PROBLEM - Every line between the top of the data below and the line with "STAUBLI 64.1043-24 Banana", both ends included, must be retyped exactly.
MATERIAL FOR THIS TASK section start
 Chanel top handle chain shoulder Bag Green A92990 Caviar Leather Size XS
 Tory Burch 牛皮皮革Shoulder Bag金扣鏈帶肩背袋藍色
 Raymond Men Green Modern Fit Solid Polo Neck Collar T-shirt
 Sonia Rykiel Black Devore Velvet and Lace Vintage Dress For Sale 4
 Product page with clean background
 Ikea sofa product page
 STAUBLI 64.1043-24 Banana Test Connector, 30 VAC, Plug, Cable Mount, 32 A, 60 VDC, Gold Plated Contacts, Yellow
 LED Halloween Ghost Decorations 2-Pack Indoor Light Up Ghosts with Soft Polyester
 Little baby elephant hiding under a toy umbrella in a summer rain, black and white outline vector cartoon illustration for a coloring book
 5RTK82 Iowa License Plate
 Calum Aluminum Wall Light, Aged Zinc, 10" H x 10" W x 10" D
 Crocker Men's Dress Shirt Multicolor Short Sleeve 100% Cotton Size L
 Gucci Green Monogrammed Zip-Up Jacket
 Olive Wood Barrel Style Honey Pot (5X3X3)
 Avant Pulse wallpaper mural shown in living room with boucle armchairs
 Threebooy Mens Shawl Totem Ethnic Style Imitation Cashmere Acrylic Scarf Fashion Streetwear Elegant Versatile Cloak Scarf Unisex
MATERIAL FOR THIS TASK section end
ANSWER TO THE EXERCISE -
 Chanel top handle chain shoulder Bag Green A92990 Caviar Leather Size XS
 Tory Burch 牛皮皮革Shoulder Bag金扣鏈帶肩背袋藍色
 Raymond Men Green Modern Fit Solid Polo Neck Collar T-shirt
 Sonia Rykiel Black Devore Velvet and Lace Vintage Dress For Sale 4
 Product page with clean background
 Ikea sofa product page
 STAUBLI 64.1043-24 Banana Test Connector, 30 VAC, Plug, Cable Mount, 32 A, 60 VDC, Gold Plated Contacts, Yellow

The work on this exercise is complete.